Sotto la terra si è mosso qualcosa, una specie di corda che scivola come una biscia. Mi ci tuffo sopra e la tiro fuori: un’anguilla, la più lunga che abbia mai visto, molto più grossa di tutti i loro cavedani del tubo, e io l’ho presa, ed è nostra, Marco.
La sventolo in aria per fartela vedere, tu mi urli di venire via e altre cose, ma io non ti sento perché questa maledetta sguscia via e cadiamo, io e l’anguilla, nell’acqua, che prima non c’era e adesso viene su dal buco.
Tu mi chiami ma io non posso ancora venire perché devo riacchiappare l’anguilla, così quando gliela faremo vedere rimarranno tutti muti, quegli scemi, e tua nonna ce la farà arrosto sulla stufa, e magari si estingue come i dinosauri e da grandi non la mangiamo più.
L’acqua si è alzata, devo mettere la testa sotto per vedere ma è tutta melma e quando la ritiro su mi arriva fino al naso e sprofondo, ho gli stivali pieni di fango, il ginocchio mi fa male, adesso, Marco.

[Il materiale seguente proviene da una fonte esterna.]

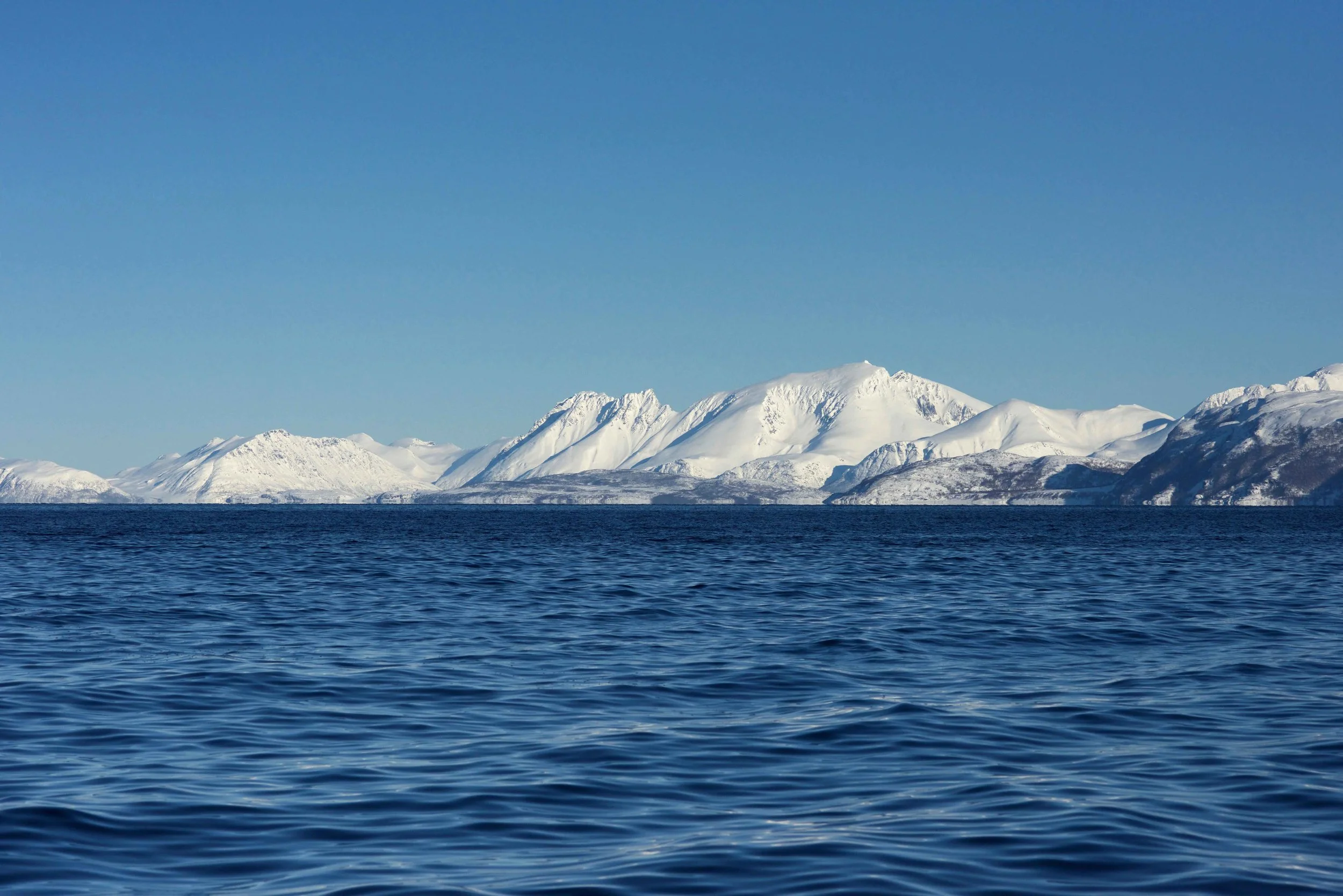 Boat cruise, Lyngen fjords, organized by Lyngen Lodge, Arctic Circle, Norway. Image©thingstodot.com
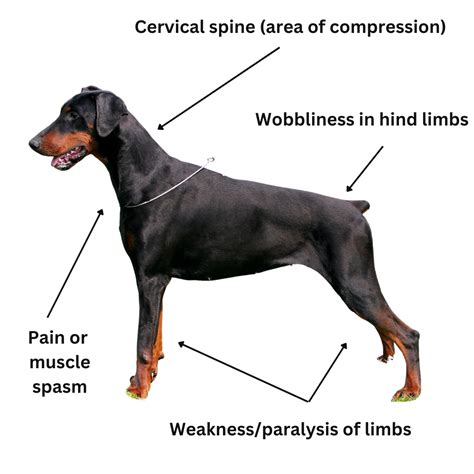 Wobbler Syndrome in Dogs: A Comprehensive Guide
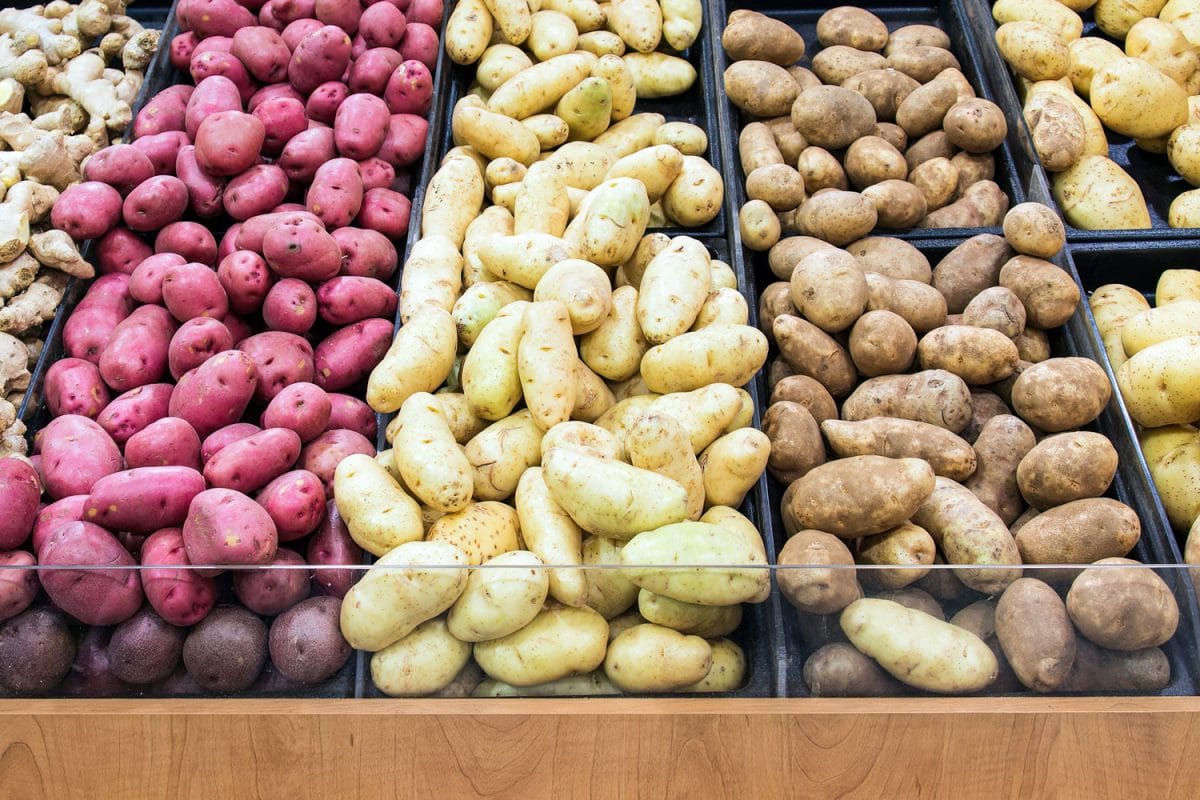Trays of different varieties of potatoes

I ragazzi fuori hanno smesso di ridere.
Voglio chiamarti, ma quando la apro, la bocca mi si riempie di melma e mi viene da vomitare. Ho paura, e sono triste perché non ti vedrò più, e invece proprio mentre penso queste cose, eccoti. Con la mano tesa mi afferri il polso, stretto stretto come fa mio padre quando è arrabbiato. Quanto sei diventato forte, qui sotto, Marco?
Mi tiri tanto che perdo gli stivali, con l’altra mano prendi i calzoncini dalla vita e mi spingi in alto, fuori dall’acqua, fuori dal buco.
Ci sdraiamo uno accanto all’altro nell’erba bagnata e respiriamo forte. Vorrei baciarti e abbracciarti ma ho paura che poi diventiamo finocchi e allora ti stringo solo la mano nella mia come hai fatto tu per tirarmi fuori. Finché ci teniamo la mano la vita resta e deve ancora ambientarsi un po’, la vita, dentro di me, che per poco non veniva via, anche se ho solo 8 anni e mezzo e a 8 anni e mezzo le persone non muoiono, ma lei voleva venir via lo stesso, l’ho sentita che si sfilava quando sono caduto. L’hai fatta restare tu, Marco. Mi hai dato la mano e lei si è calmata, ha deciso di non andare via.
Tienimi la mano, Marco, che se la vita si distrae o ci ripensa io muoio a 8 anni e mezzo. Non lo diciamo a nessuno, che ci siamo stretti così, che i ragazzi grandi poi ci picchiano. Loro non lo sanno che mi hai salvato la vita come fanno gli adulti, quando mi hai preso la mano.